In 2001, nearly 6 percent of the record 6.2 million sales of single-family homes were of second homes. According to the most recent data, there were 3.6 million vacant seasonal homes in the third quarter of 2002, up from 3.1 million in 1990 and only 1.7 million in 1980, the U.S. Census Bureau said.

"That category often is cited as the total number of vacation homes," David Lereah, chief economist of the National Association of Realtors, says. "However, we believe that assumption misses many recreational properties that are not vacant." Other census data show there are 9.2 million homes held by owners in addition to their primary residences.

"We can't say with certainty what portion of that number may be for vacation or recreational use, but it appears the size of this market is much larger than earlier believed," Lereah says. But “back-of-the-envelope” estimate indicates there may be as many as seven million vacation homes in the United States.

"Second-home buying has become so significant a part of the marketplace that we decided to survey those buyers apart from the survey of primary-home buyers that we do every two years," he said.

Questionnaires for the survey, conducted last fall, were sent electronically to 93,000 second-home buyers around the country, and 5 percent responded.

"We started out with so little, but now we have a benchmark," Lereah says. "And what we discovered really changed how we look at that market, and our perceptions on how important it is to the real estate market in general." For example, the Realtor group's officials long believed that the median age of the second-home buyer was 61 years. The survey put it at 46.

Other survey findings: The median income of a second-home buyer is $76,000 a year.

About 78 percent of second-home owners use them as vacation getaways and not as investment properties.

"The idea of a family retreat is important to many second-home owners, cited by 57 percent of respondents, but there are other lifestyle and investment considerations that motivate buyers," Lereah says. "In short, this market is driven by middle-class baby boomers." Methods of financing these purchases changed dramatically after the stock market began wobbling in 2000.

The volatility of the stock market has benefited the second-home market, with many investors looking to resort real estate as a more secure thing.

"When you look at the source of funds for people who bought a second home since 2000, equity in stocks or bonds was used by 16 percent of respondents," Dennis Hanlon, chairman of the Realtor group's Resort Forum, says.

"By contrast, for people who bought second homes prior to 2000, the sale of stocks or bonds accounted for only 7 percent of buyers," Hanlon says. "Clearly, recent buyers were more motivated by a desire to diversify portfolio assets." If the stock market comes back, it could soften the second-home market, Lereah says.

The Internet appears to have been a major influence on the increase in second-home buyers, according to Clark Thompson, chief executive officer of EscapeHomes.com.

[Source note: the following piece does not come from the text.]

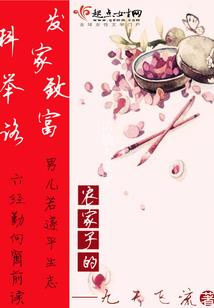 萌狗攻略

"Because the market for second homes is based on distance, people looking for these homes found that they could use the Internet to better advantage than anyone else," Thompson says.

Still, buyers who were surveyed credited the Internet in only 4 percent of second-home purchases.

Most people responding to the survey said they first learned about the home they purchased through a real estate agent or an acquaintance, each cited by 29 percent of respondents. Other sources, in descending order of importance: yard signs, newspaper or TV ads, knew the seller, a builder, and mail advertisements.

Although 48 percent of all second-home owners bought through a real estate agent or broker, 38 percent bought their homes directly from the previous owner, the survey showed.

But nearly half of all for-sale-by-owner transactions involved buyers purchasing directly from someone they knew beforehand, the survey said. The percentage of such transactions for second homes was higher than the 13 percent level for all buyers because many sellers dealt directly with a friend, family member or acquaintance, Lereah says.

An additional 13 percent of buyers dealt directly with a builder.

If middle-class baby boomers are the movers and shakers in the vacation-home market, what they are buying could be their primary homes after they retire, Thompson says.

Most vacation homes are close to the owners' primary residences, a median distance of 185 miles, the survey showed.